No querría provocar una pelea contra un cielo repleto de ángeles, pero debo admitir que siempre me he preguntado sobre la promesa de paz que la hueste angelical les hizo a los pastores en los campos aledaños a Belén. En los últimos 2.000 años, la paz en nuestro planeta ha sido, al menos, un ente extraño. Las guerras siguen cobrándose vidas inocentes, la violencia doméstica es una tragedia creciente, los divorcios aumentan terriblemente, las iglesias se dividen y la paz en nuestro corazón intranquilo y descarriado parece ser un sueño inalcanzable.

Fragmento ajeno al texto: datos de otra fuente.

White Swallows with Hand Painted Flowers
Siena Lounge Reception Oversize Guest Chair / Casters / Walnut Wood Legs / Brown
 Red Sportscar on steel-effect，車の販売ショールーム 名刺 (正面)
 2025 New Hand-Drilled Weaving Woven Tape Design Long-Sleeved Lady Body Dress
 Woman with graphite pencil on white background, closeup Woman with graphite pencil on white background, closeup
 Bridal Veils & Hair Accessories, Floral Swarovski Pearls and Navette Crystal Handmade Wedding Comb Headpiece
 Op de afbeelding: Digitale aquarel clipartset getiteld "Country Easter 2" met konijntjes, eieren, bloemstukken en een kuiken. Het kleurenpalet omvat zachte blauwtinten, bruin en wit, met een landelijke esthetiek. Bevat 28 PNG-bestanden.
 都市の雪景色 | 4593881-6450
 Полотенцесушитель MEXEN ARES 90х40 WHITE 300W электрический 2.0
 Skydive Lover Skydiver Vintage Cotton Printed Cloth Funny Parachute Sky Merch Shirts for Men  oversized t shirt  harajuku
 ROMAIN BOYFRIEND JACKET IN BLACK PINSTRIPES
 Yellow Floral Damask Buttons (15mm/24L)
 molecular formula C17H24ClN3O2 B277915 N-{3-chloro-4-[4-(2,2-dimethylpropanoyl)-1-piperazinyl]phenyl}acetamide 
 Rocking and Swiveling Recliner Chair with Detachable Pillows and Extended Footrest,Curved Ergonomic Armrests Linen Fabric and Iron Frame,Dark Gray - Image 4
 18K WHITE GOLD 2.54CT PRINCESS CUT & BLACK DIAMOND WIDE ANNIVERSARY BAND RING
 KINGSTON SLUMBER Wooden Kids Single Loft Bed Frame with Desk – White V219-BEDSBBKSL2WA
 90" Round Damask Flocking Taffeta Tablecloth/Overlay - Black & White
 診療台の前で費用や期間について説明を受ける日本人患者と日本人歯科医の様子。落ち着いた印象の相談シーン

¿Dónde está la paz prometida? En realidad, pensándolo bien, podemos ver que Jesús trajo todo lo necesario para la paz mundial. Él enseñó el principio de la paz: llamó a las personas a amar a sus prójimos como se aman a sí mismas. Y cuando estaba yéndose de este planeta, dijo: «La paz os dejo, mi paz os doy…» (Juan 14:27). El Señor nos dijo que pusiéramos la otra mejilla, que recorriéramos la segunda milla, que perdonáramos las ofensas, que evitáramos la codicia, que toleráramos las debilidades de los demás, que viviéramos para servirnos y amarnos, como Él nos ha amado.
Parece ser que, en gran medida, la paz depende de nosotros. Pablo lo confirma en Romanos 12:18: «… en cuanto dependa de vosotros, estad en paz con todos los hombres». En esta Navidad, regalémosle la paz al mundo en que vivimos al ser un reflejo del Príncipe de paz.